Enquanto Lázaro, o pícaro, o protagonista das novelas picarescas, é um tipo social do século XVI, alguém que vivia nas ruas e que vivia da venda de favores aos amos – que desejavam, por sua vez, ter inúmeros criados como símbolo de poder –, vale notarmos a figura interessante desse escudeiro, que não deixa de guardar algumas semelhanças com Lázaro. Segundo a nota de Mario M. González: “este terceiro amo de Lázaro é uma das mais célebres caricaturas da classe dos fidalgos que, sem ter agora a oportunidade de atuar, como seus antecessores, na luta contra os mouros, encontram-se sem meios para sobreviver, pois o fato de pertencerem à nobreza os faz se sentirem impedidos de trabalhar. Veem-se forçados, no entanto, a preservar as aparências de uma riqueza que não possuem” (p. 113).

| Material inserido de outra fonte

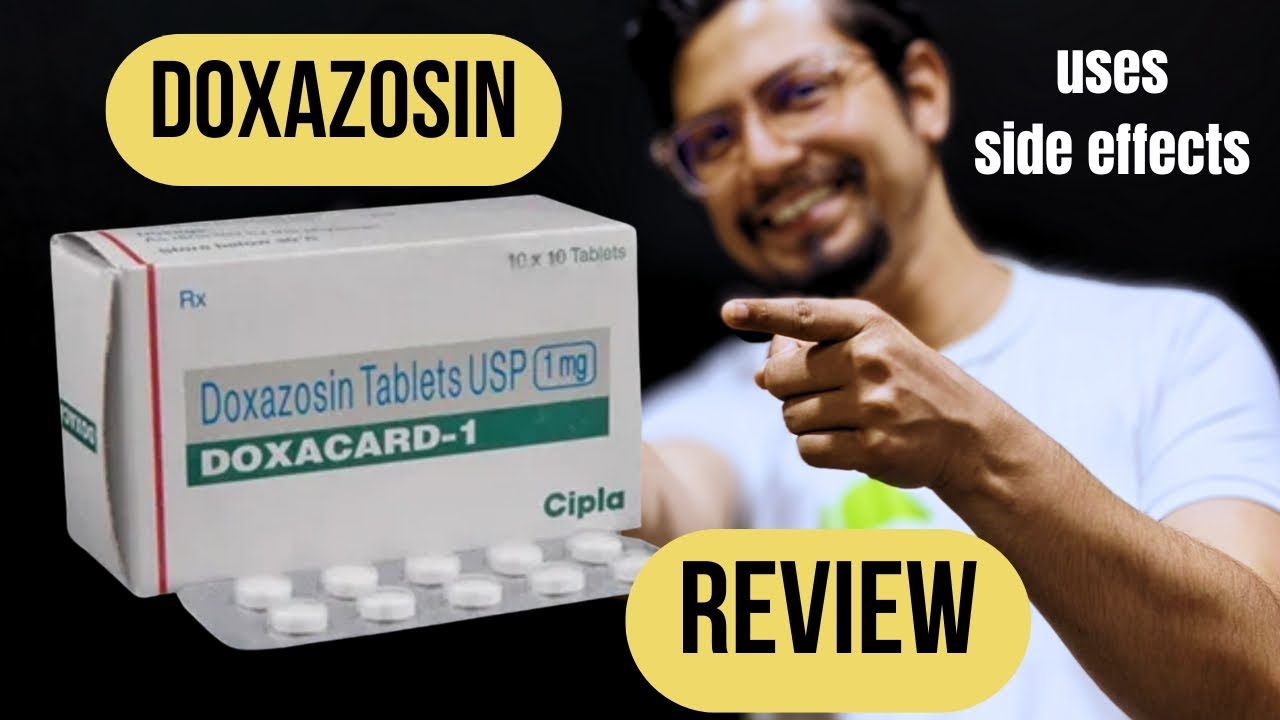 Doxazosin tablets mechanism of action side effects | Doxapress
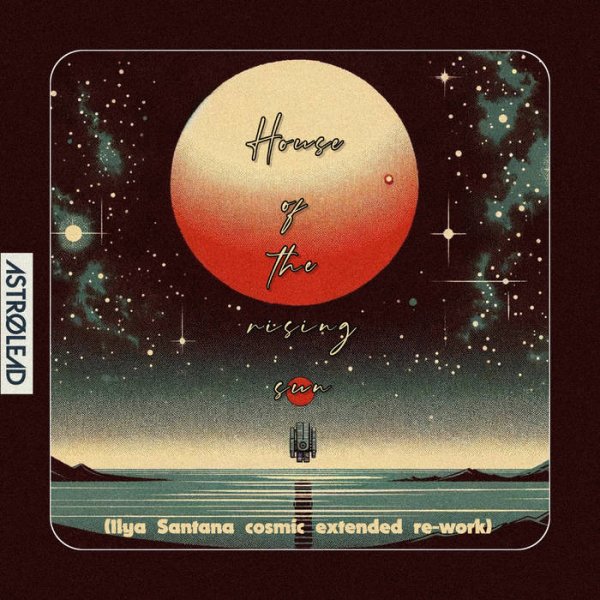 Ilya Santana - House of the rising sun (Cosmic Extended Re-Work)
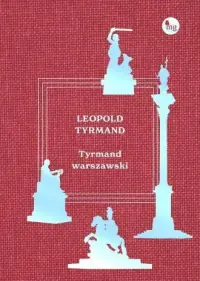 Tyrmand warszawski Tylko do końca tygodnia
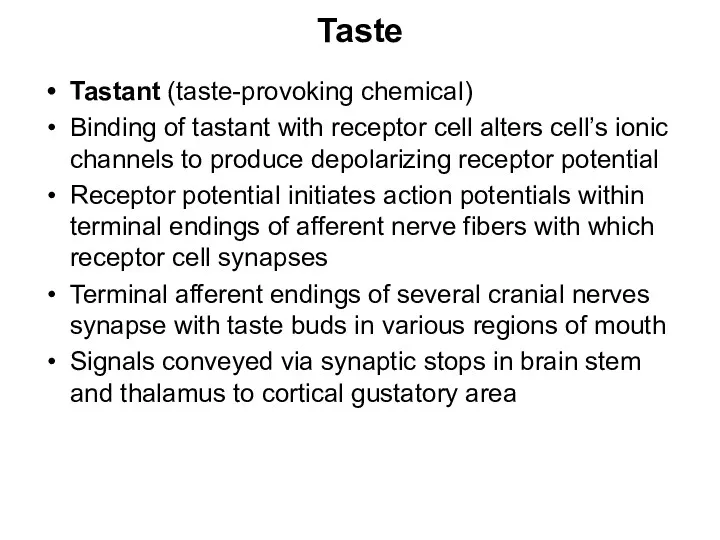 Taste Tastant (taste-provoking chemical) Binding of tastant with receptor cell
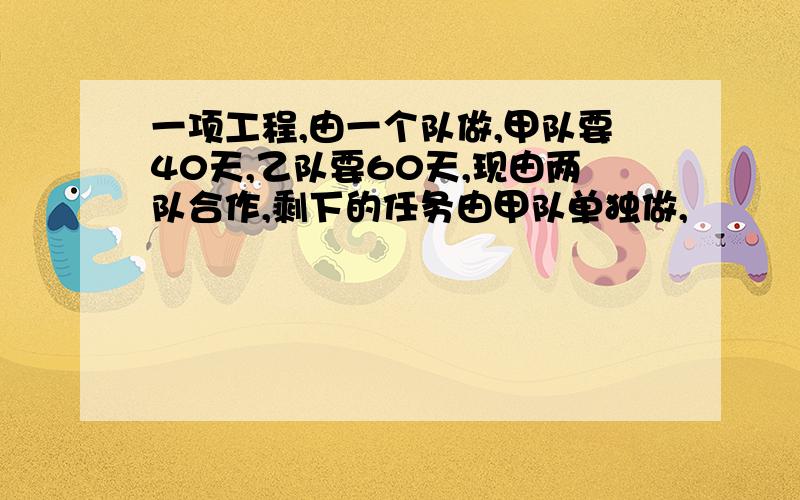 一项工程,由一个队做,甲队要40天,乙队要60天,现由两队合作,剩下的任务由甲队单独做,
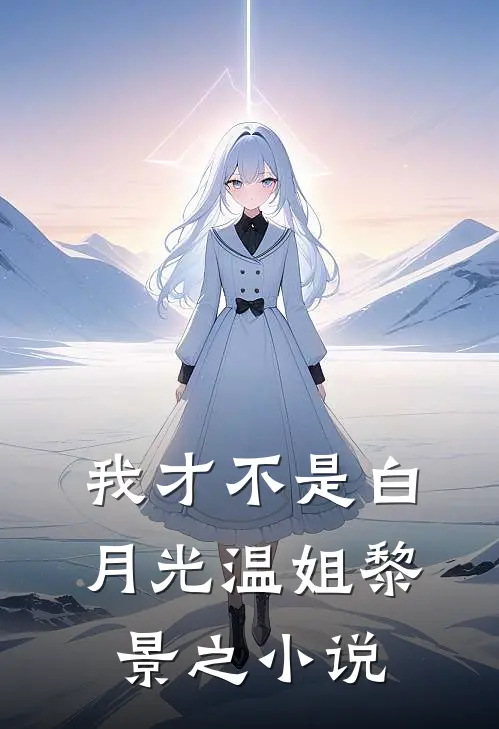 我才不是白月光温姐黎景之小说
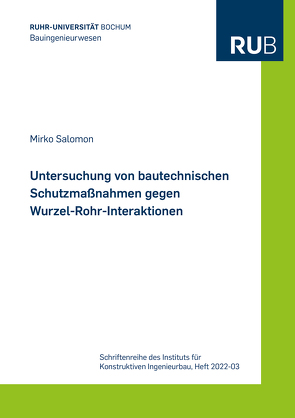 Untersuchung von bautechnischen Schutzmaßnahmen gegen Wurzel-Rohr-Interaktionen von Salomon,  Mirko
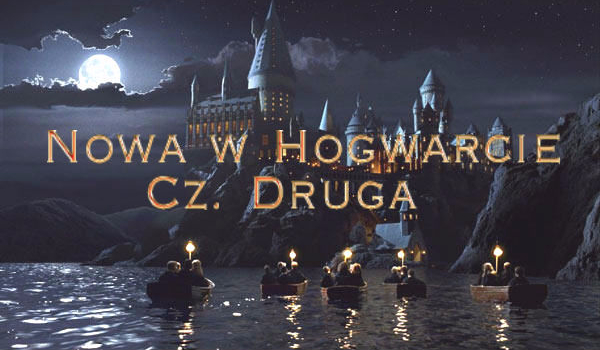 Nowa w Hogwarcie…#2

O destino de Lázaro não poderia ser muito distante daquele já preconizado por suas ações em todo relato. Desse lugar entre o cômico e o satírico, que distancia Lázaro significativamente da representação dos heróis da época, pode-se pensar o seguinte: “Esse sentido deliberadamente anti-heroico do protagonista está não apenas no caráter paródico do texto com relação aos livros de cavalaria, mas também na sua frontal oposição ao valor fundamental da sociedade da época: a honra” (p. 199). O sentido irônico e satírico da honra que o autor evoca no texto é muito parecido com o que aconteceria muitos anos depois com os heróis nada honrosos que tiveram de ir para a frente de batalha, como o anti-herói Ivan Tchônkin, de A vida e as extraordinárias aventuras do soldado Ivan Tchônkin, e de quem já falamos aqui neste blog. Certamente, se deixarmos todas as questões críticas que essas obras picarescas evocam sobre a sociedade – se deixarmos de lado também a percepção de que nada mudou tanto assim –, o herói picaresco é sempre fonte do riso garantido e de horas de distração.

Para este texto:

GONZÁLEZ, Mario M. A saga do anti-herói. São Paulo: Nova Alexandria, 1994.
ANÔNIMO. Lazarilho de Tormes. São Paulo: Editora 34, 2005.